Task instructions ::
Below is a listing. Set down exactly the lines from the one containing "Harpullia Alata From" through the one containing "Alpine Sunflower with", both ends included, and leave out the rest.

Listed records ::
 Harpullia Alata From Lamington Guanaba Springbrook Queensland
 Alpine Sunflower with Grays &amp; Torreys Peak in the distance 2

==

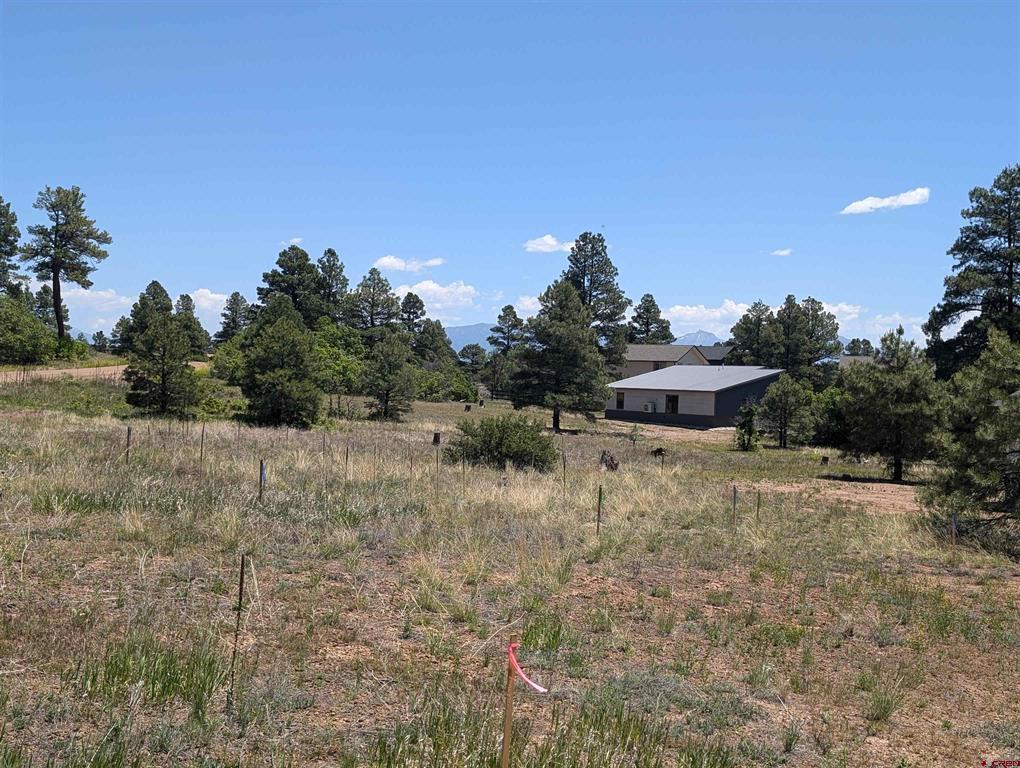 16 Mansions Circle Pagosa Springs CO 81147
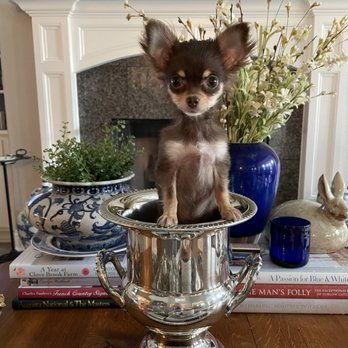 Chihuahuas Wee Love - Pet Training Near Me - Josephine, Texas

--

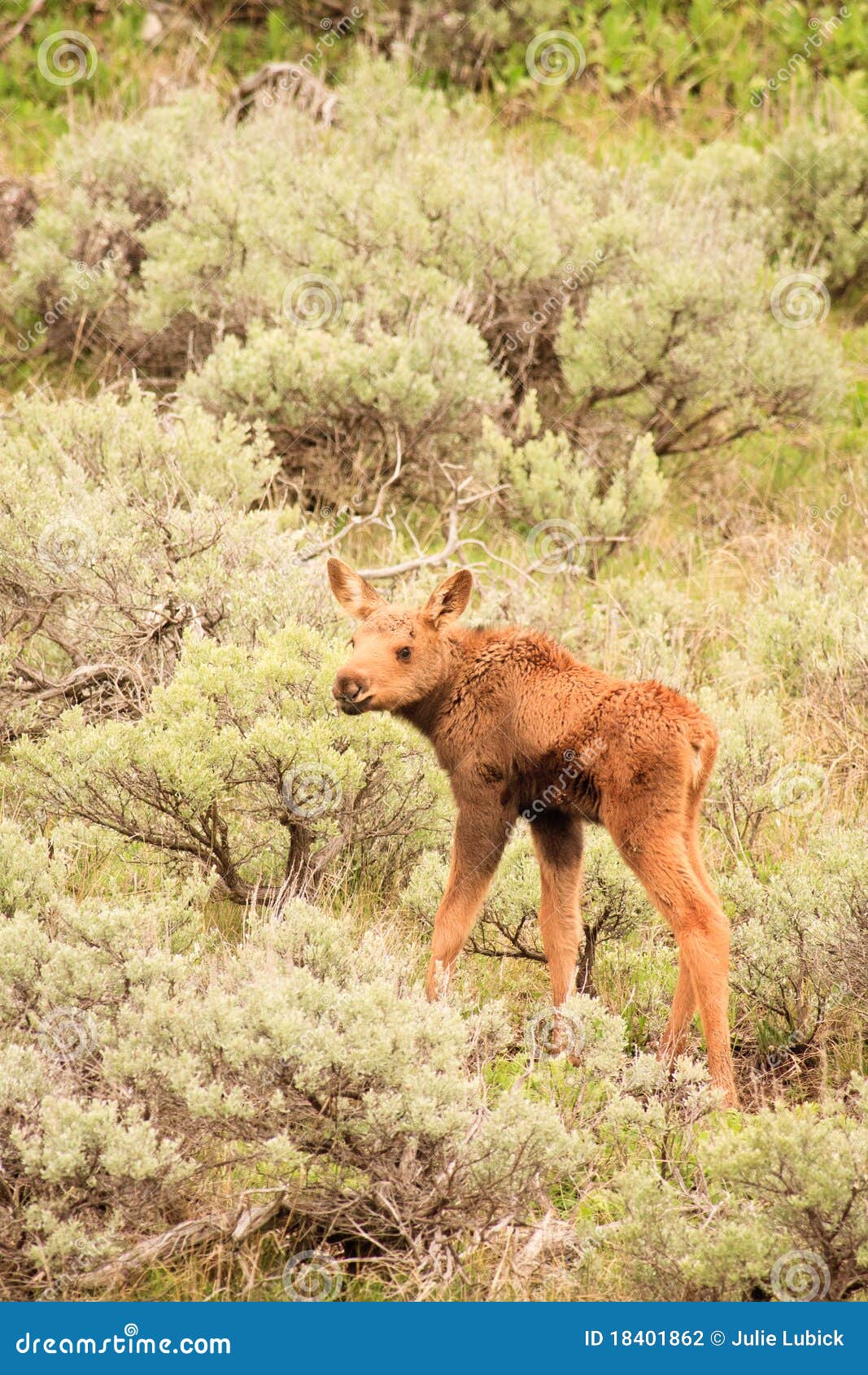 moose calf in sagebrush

Written solution ::
 Harpullia Alata From Lamington Guanaba Springbrook Queensland
 Alpine Sunflower with Grays &amp; Torreys Peak in the distance 2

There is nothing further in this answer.